Depois de um poema meu, helen de rose", ter sido censurado em Escritartes e Luso-Poemas, coloco aqui um poema do poeta cubano Reinaldo Arenas
(Holguin, 1943 - Nova Iorque, 1990).

CONTRIBUIÇÕES

Karl Marx
não teve nunca sem sabê-lo um gravador
estrategicamente colocado no seu sítio mais íntimo.
Ninguém o espiou do passeio da frente
enquanto rabiscava à vontade folhas e mais folhas.

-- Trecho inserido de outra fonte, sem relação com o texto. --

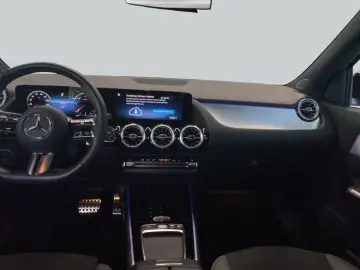 MERCEDES-BENZ GLA 200 d AMG Adva  Night Beam-LED PANO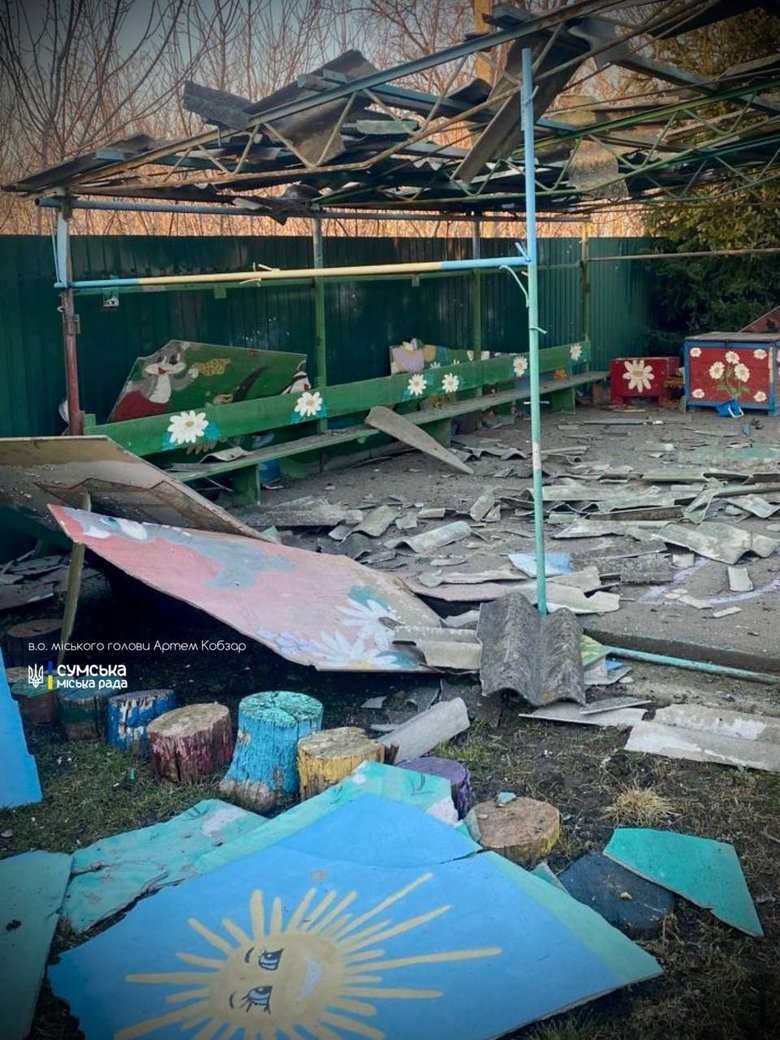 Удар РФ по території дитсадка в Сумах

Pôde inclusive dar-se ao luxo heróico de maquinar
pausadamente contra o sistema imperante.
Karl Mrax
não conheceu a retractação obrigatória,
não teve por que suspeitar que o seu melhor amigo
podia ser um polícia,
nem, muito menos, teve de se converter em polícia.
A pré-fila para a fila que nos dá direito a seguir na fila
onde afinal o que havia eram recargas para
agrafador («E já se acabaram, camarada!»)

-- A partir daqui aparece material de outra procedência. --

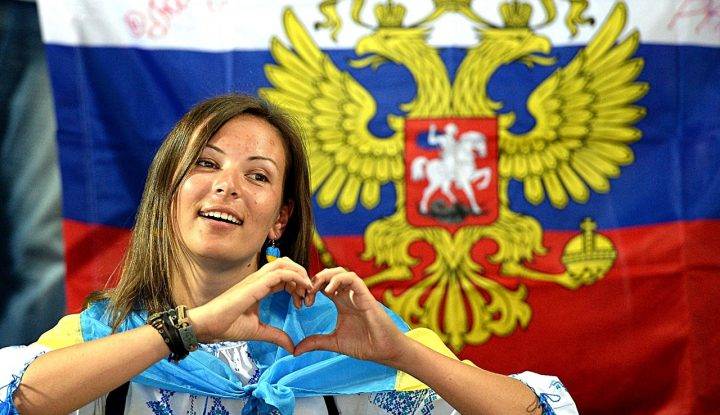 Сбежавшая в РФ киевлянка не побоялась рассказать о минусах жизни на Украине Сбежавшая в РФ киевлянка не побоялась рассказать о минусах жизни на Украине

também lhe foi desconhecida.
Que eu saiba
não sofreu uma imposição que o obrigasse a rapar-se
ou a extirpar a sua anti-higiénica barba.
A sua época não o cominou a esconder os seus manuscritos
do olhar de Engels.
(Por outro lado, a amizade destes dois homens
nunca foi «preocupação moral» para o Estado.)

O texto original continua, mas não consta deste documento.